Different Approaches for Delivering Ultra-Low Latency Shared Storage

Several new storage systems have come to market with the goal of delivering shared flash resources as a service to high-scale, distributed applications.

These products take advantage of some of the following technology developments in the storage and networking space: Standards-based PCIe-Connected SSDs, RDMA-Capable Ethernet Networking up to 100 Gbe, a standard storage protocol designed for PCIe-Connected SSDs (NVMe), and a standard protocol for remotely Accessing NVMe devices (NVMe-Over-Fabrics, or NVMe-oF). Note that Red Hat 7.4 and Ubuntu 16 both now include NVMe-oF support inbox.

These 4 technologies can allow applications to get performance from shared storage network similar to SSDs installed directly in the server as DAS, but with all of the capacity and data management advantages of networked storage. As a result, a new wave of ultra-low-latency shared storage products are coming to market, all trying to deliver on the promise of providing ultra-low latency storage network in a shared storage environment.

What is latency in storage? Different approaches use varying combinations of 4 of the above low latency data storage technologies and therefore deliver different benefits and drawbacks.

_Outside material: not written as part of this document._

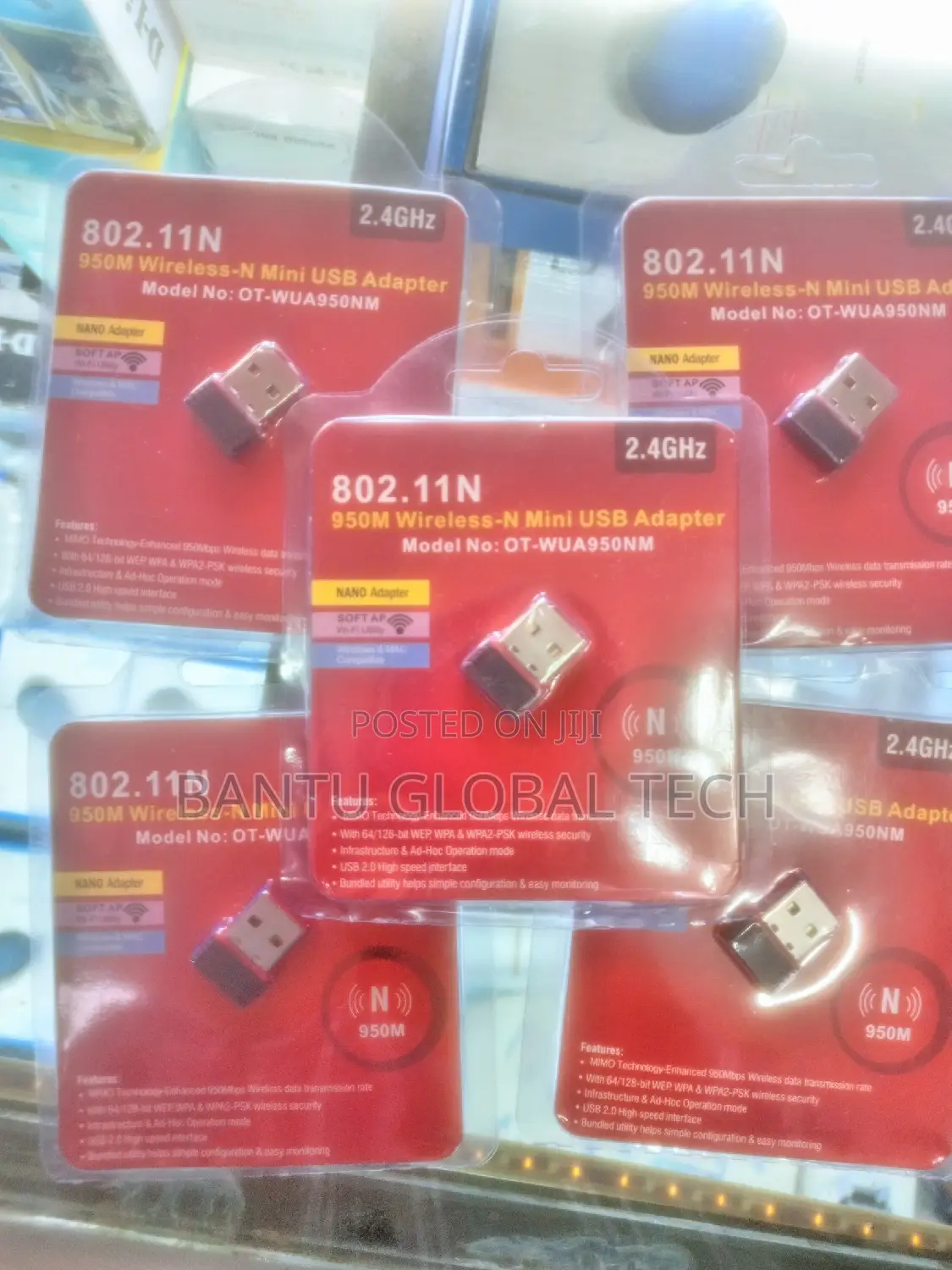 950M USB Wifi Adapter
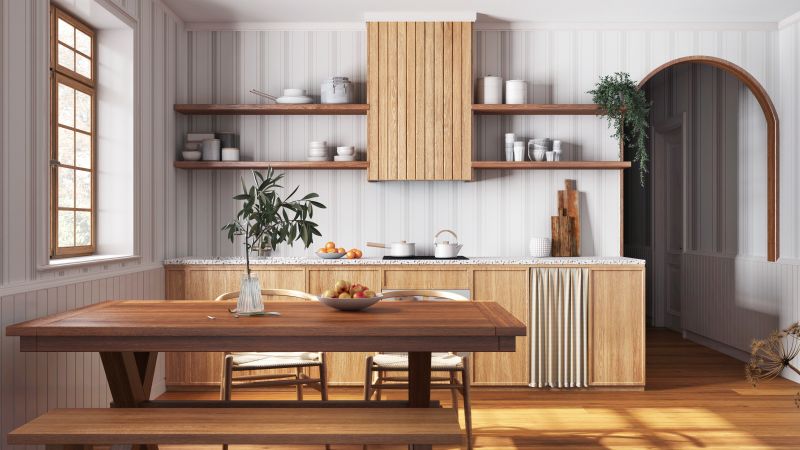 Rustic Kitchen Styles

Many challenges exist when combining high-speed, low latency networking on the front end of a storage system with very fast media in the back end. The primary problem is that the traditional storage controller architecture that exists in the storage arrays of the past couple of decades will be overwhelmed, and become a huge performance bottleneck. This includes the current-generation controllers in All-Flash-Arrays. Simply upgrading network interface and protocols, or swapping out SAS or SATA SSDs for NVMe SSDs will end up squandering much of the performance gains potentially delivered by this collection of new technologies, and therefore not satisfy the requirements for high-scale application environments that are currently using DAS.

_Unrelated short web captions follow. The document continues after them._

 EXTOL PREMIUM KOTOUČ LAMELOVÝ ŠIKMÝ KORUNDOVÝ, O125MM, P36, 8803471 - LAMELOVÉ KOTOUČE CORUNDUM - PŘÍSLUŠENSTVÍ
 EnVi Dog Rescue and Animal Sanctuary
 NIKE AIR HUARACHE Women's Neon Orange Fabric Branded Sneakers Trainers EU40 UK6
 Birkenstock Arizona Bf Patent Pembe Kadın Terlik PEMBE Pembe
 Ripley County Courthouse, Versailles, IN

To alleviate this, most of these new products use the host tier to scale performance by deploying a custom software stack in application servers to access shared storage resources. This is a similar development to what occurred with HDD-based shared storage over time. At first, there were JBODs without any real data management features and simple controllers, and then vendors started building host-based software in the form of clustered file systems and volume managers to manage shared storage. Then storage vendors then put the data management into the storage controllers directly, which is how most shared storage is deployed today.

We are seeing a similar progression with shared NVMe-based storage product evolution. Early products implement storage management features in the host tier to deliver performance and avoid the controller bottleneck. However, this means that customers need to install custom software in all of their servers to take advantage of these products, losing the advantage of using an inbox NVMe-oF driver in their low latency environment, as well as absorbing CPU and memory resources that could otherwise be used by applications in the host tier.

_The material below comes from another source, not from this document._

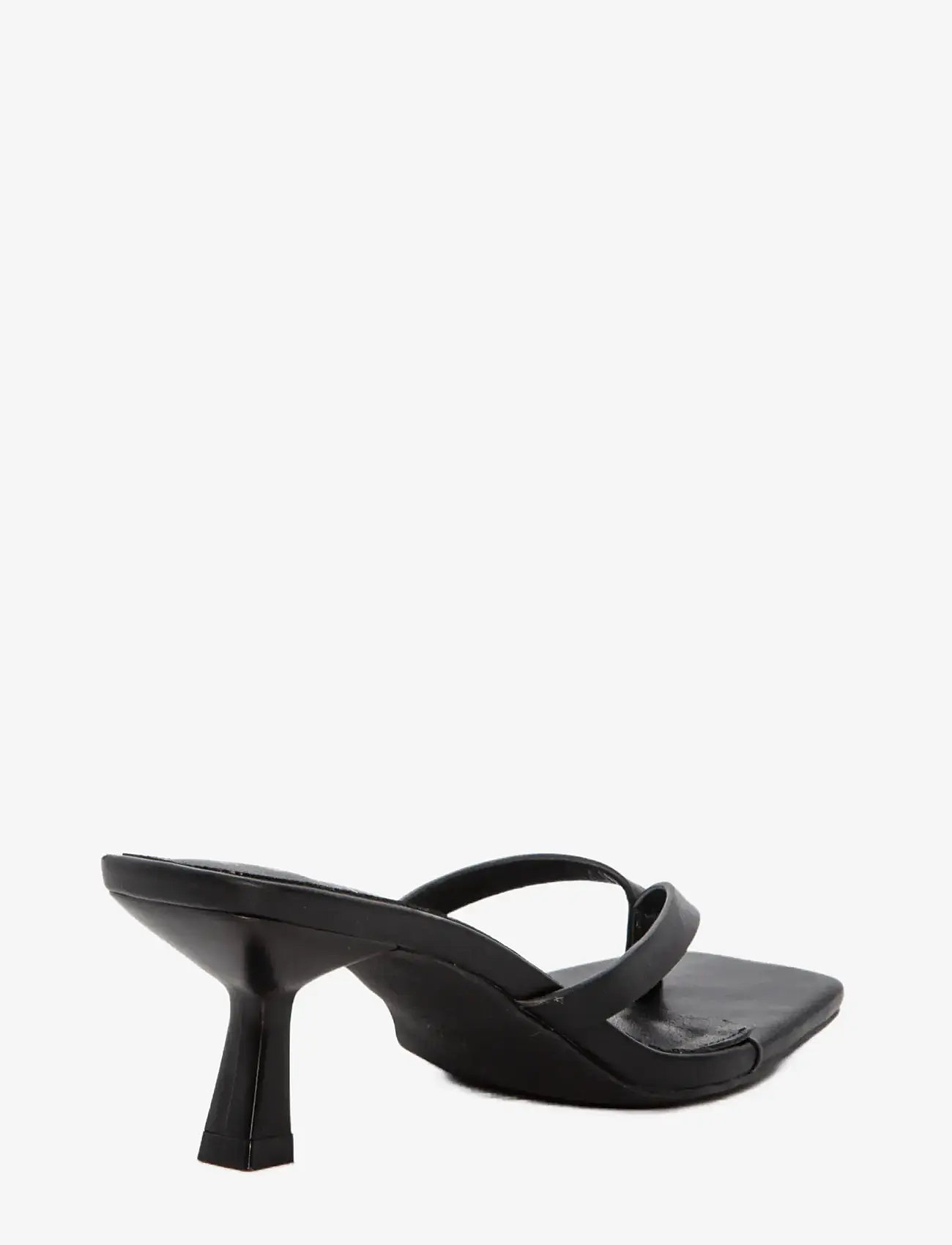 Duffy - CASELLO UNO - basutės su kulnu - black - 3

So, how do you build an ultra-low-latency shared storage system that is disaggregated from the application tier and self-contained like traditional enterprise arrays AND delivers all of the benefits of 1-4 above?

The Pavilion Memory Array is the only product that has accomplished this feat, and it requires re-thinking storage array controller hardware and software design from the ground up. The team at Pavilion started working on this over 3 years ago, and the product you see today is the result of this fresh approach.